Democrats can do their part by resolving not to thwart everything that the Republican majority wants to accomplish, but rather by looking for opportunities to work with the opposing party for the good of the country.
There should be plenty of common ground on issues such as reforming the public schools, shoring up Social Security, fixing the immigration system and reducing the deficit. Democrats need to put aside petty partisanship and concentrate on fixing the nation's problems, no matter which party gets the credit.
Republicans can reciprocate by not repeating a costly mistake that Obama made when he first took office and rushing into the health care debate when the country wanted him to focus on jobs, jobs and jobs. That decision used up a lot of political capital. That's because, as we've learned, health care reform is one of the most emotional and divisive issues in the national debate. Republicans would be wise to steer clear of it for six months and focus on racking up some smaller and easier victories that could build up good will in both parties.
Should this happen? Of course. Will it? Probably not. So far, all we've heard from lawmakers in terms of how they intend to do things differently from now on is that some of them say they'll be going to public meetings armed.
Great. That's just what we need. Can we expect congressional representatives to get to the point where they shoot it out with their constituents during particularly testy Q&A sessions?
I know, I know.

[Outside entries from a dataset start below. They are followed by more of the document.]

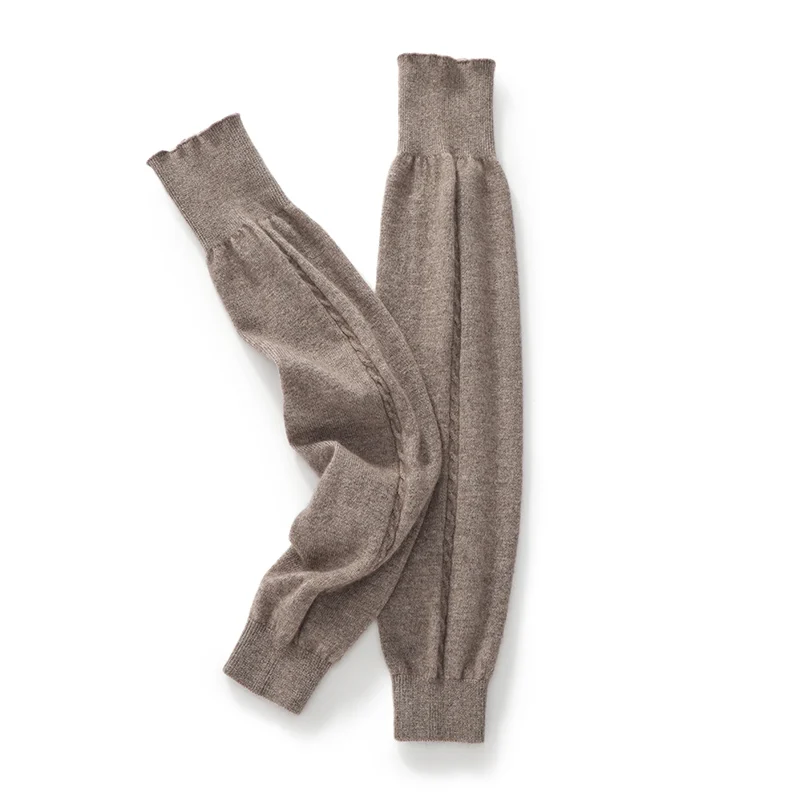 Protector de rodilla 100% cachemira para otoño e invierno, Protector de pierna extendido, rodillera tejida para mujer, calor de las piernas y protección contra el frío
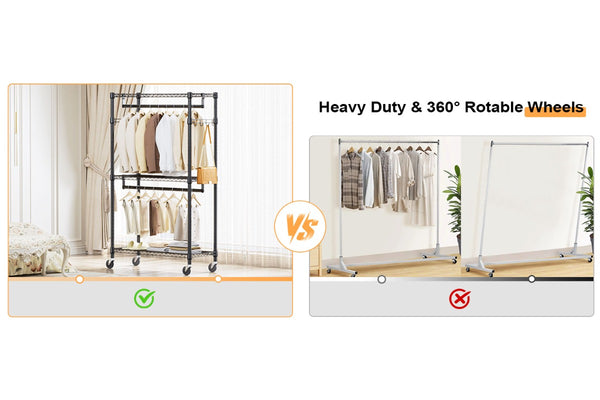 M MZG Heavy Duty Easy to Assemble - Multi-functional Removable Clothes Rack - with Three Shelves, Side Hooks And Locking Casters - Sturdy And Durable - Suitable for Bedroom, Living Room And Wardrobe Black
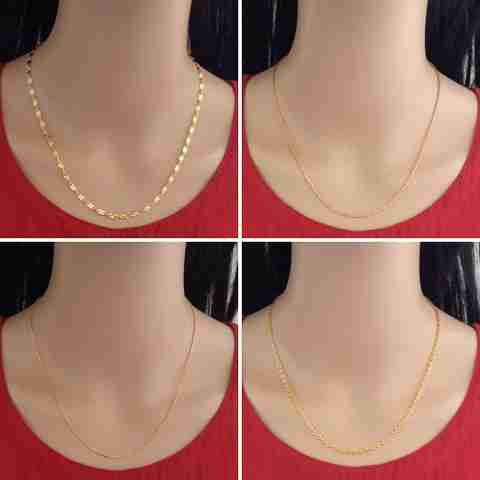Dency pack of 4 Stylish necklace & Chain for girls and women Gold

Pitching a timeout in the debate over a possible health care repeal is going to be a hard sell, even though Republicans postponed action on their bill this week because of the Arizona shootings. Neither side is interested in a truce, even after a tragedy like this one. They depend on conflict to excite -- and incite -- their base, which helps them raise funds for their next re-election campaign.
Democratic supporters will ask why their side should go along with the majority in the House when the opposition didn't do that while it was in the minority. Meanwhile, Republican supporters will point to the midterm elections and claim that, as the saying dictates, "to the victor, goes the spoils."
Both of these views are predictable, but they're also awfully petty and shortsighted. There will be plenty of time for lawmakers to reassume the roles in which they feel most comfortable. Republicans can go back to trying to undo health care reform, and Democrats can go back to trying to stop them. Whatever support the parties can count on right now -- in Congress, and around the country -- will still be there for them in six months. Nothing will change.
This isn't like suggesting that Congress postpone the health care battle until next year, when little will be accomplished because of the presidential election. This is six months. That is not long enough to derail an agenda, but it is long enough to let tempers cool.
The country needs for Congress to take a break, and to acknowledge that what happened in Tucson was a big deal and something that has enormous significance for our political system and our country. Americans need time to process these tragic events and heal before jumping back into the volatile and combative health care debate. Lawmakers can either help them with the healing process, or they can stand in the way.
While we pray for the victims of this rampage, let's also pray that Congress makes the right choice.
After all, the message behind Obama's speech Wednesday may have been simple, but it was also powerful: "We can be better."
Yes, we can.
The opinions expressed in this commentary are solely those of Ruben Navarrette Jr.